Early life and education 
Buxton was born on 7 June 1969 in Shepherd's Bush, London, and spent some of his childhood in Wales. His father was the travel writer and wine critic Nigel Buxton, who later appeared  on The Adam and Joe Show as "Baaad Dad". Adam's mother, Valerie (née Birrell), was Chilean.

Buxton was educated at Windlesham House School in Pulborough, West Sussex, then Westminster School, London. At Westminster, he befriended his future comedy partner Joe Cornish and the future documentarian Louis Theroux. He attended the University of Warwick for two terms before dropping out to study sculpture at Cheltenham College of Art.

Career

With Joe Cornish

Buxton's first television appearance was in an episode of Channel 4's Takeover TV. In 1995, he hosted the show itself. Buxton and Joe Cornish formed the comedy duo Adam and Joe, and with the production company World of Wonder created The Adam and Joe Show for Channel 4. It ran for four series from 1996 to 2001. In 1999, The Adam and Joe Book, a spin-off book written by Buxton and Cornish, was published. Buxton and Cornish presented radio shows on Xfm and later BBC Radio 6 Music, which won a Silver Sony Award for Best Entertainment Programme in 2012.

Solo work

Buxton co-wrote and acted in the Channel 4 mini-series The Last Chancers, broadcast in December 2004. In 2005, he performed character-driven comedy at the 2005 Edinburgh Festival, with a show entitled I, Pavel, for which he grew a large beard.

Buxton appeared as a future version of himself in the BBC Two comedy series Time Trumpet, which began a six-part series in August 2006. In 2007, he portrayed journalist Tim Messenger in Edgar Wright's film Hot Fuzz.

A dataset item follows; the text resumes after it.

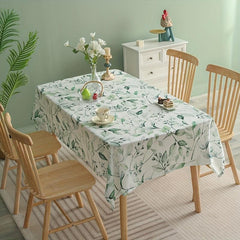 Green Buds Tablecloth Stain Resistant Waterproof Washable Round Table Cover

He has also appeared in the film Stardust, covering for Noel Fielding, who was ill at the time of production. Buxton appeared in the BBC Three comedy sketch show Rush Hour, which premièred on 19 March 2007.

Buxton has collaborated on several occasions with the band Radiohead. He assisted with a 2007 webcast from their studio, co-directed the videos for their 2008 singles "Jigsaw Falling into Place" and "Nude", and created a video vignette for their 2016 album A Moon Shaped Pool. In January 2010, he appeared in the BBC comedy The Persuasionists. He also featured in the 2007 film Son of Rambow as a teacher. Buxton released a number of videos on YouTube, and was commissioned to produce a pilot programme for the BBC based around work of this kind. This was broadcast as MeeBOX on BBC Three in June 2008, but a full series was not commissioned. He guest-starred in the 2011 film The External World by David O'Reilly.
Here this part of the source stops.